But the attendees at Burns’s training are determined to prepare for the worst. Allison Szuba, the director of an adult care center in central Virginia, says gun violence is a problem that’s always on her mind. She says she’s seen situations in which disgruntled family members come into nursing facilities with the intention of hurting others. “I am sad about it, but I’m also not gonna put my head in the sand,” she says of her decision to attend this and other COBRA classes. “I would much rather be on the front line protecting folks than saying, ‘Oh, I hope it doesn’t happen to us.'”
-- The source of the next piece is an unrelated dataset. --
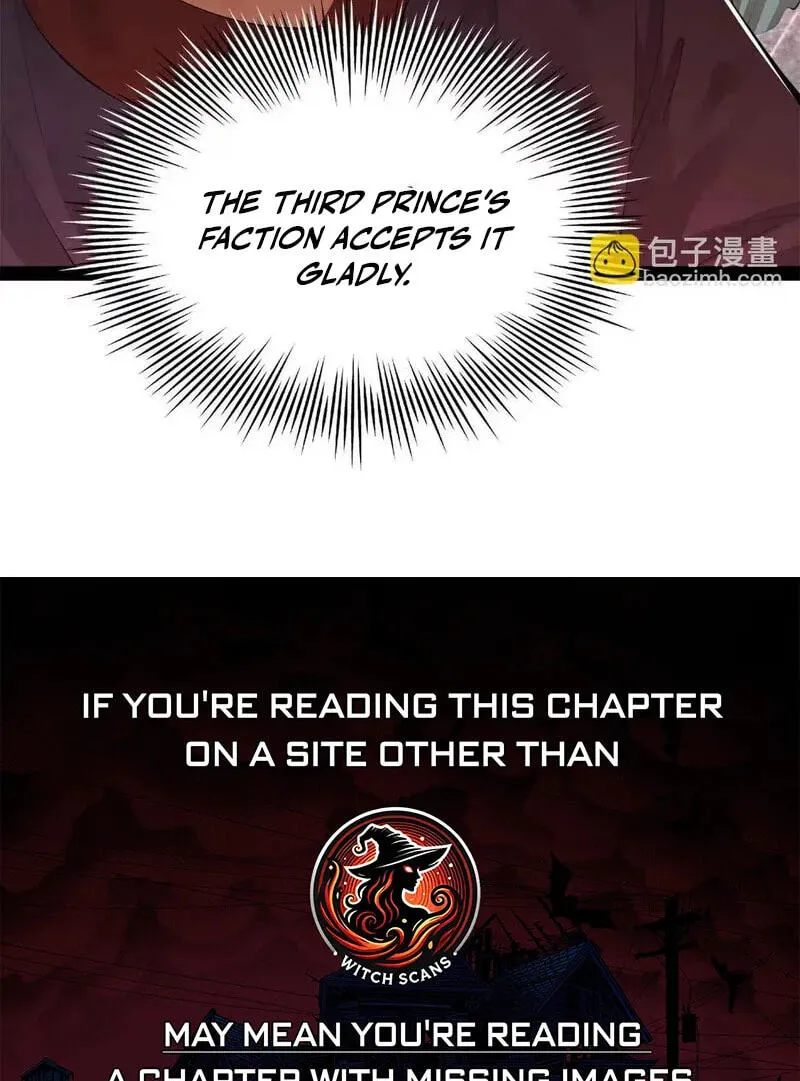 Read Ultimate Son-in-Law chapter 382 image 48 on Lezhin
Although Szuba thinks individuals should take steps to protect themselves, she’d also like politicians to enact sensible background-check laws. “It’s our responsibility to talk to politicians, voice our concerns, and vote them out if they’re not doing the job that they’re hired to do,” she says, adding that she’s a firm believer in the Second Amendment. “I have no problem with somebody background-checking me. If you have a problem with that, you probably shouldn’t have a gun.”

Denise Kennedy brought her two young sons, Carl, 6, and Louis, 5, with her to Burns’s lesson. Kennedy has been bringing Carl to such classes since he was 4. Though he has autism, and sometimes reacts negatively in the presence of loud noises, Kennedy said the risk of discomfort during gunfire simulations was worth it.

“My thought process was that we could work through this now, in a safe setting, versus if he were to totally freeze in a bad setting,” she says. Luckily, the noises did not upset Carl, and Kennedy says he has been able to use what he’s learned in Burns’s classes to stay safe on the playground and when a stranger approached him in their neighborhood.

Though Kennedy says gun violence is a problem, she doesn’t believe legislative action is the answer. “You can hide all the weapons you want,” she says. “They’re still going to get their hands on something.”

Like Kennedy, Burns says he thinks violence will happen whether or not new gun laws are enacted. But in the absence of any other solution to a problem that has already killed 279 people this year in the U.S., he hopes his classes will help.

“I wish we could stop teaching this,” he told TIME. “Anybody that teaches active-shooter response training should wish to say it’s not an industry that we want to be in. But if we don’t give [people] the best tools, then we’re not doing what we should be doing either.”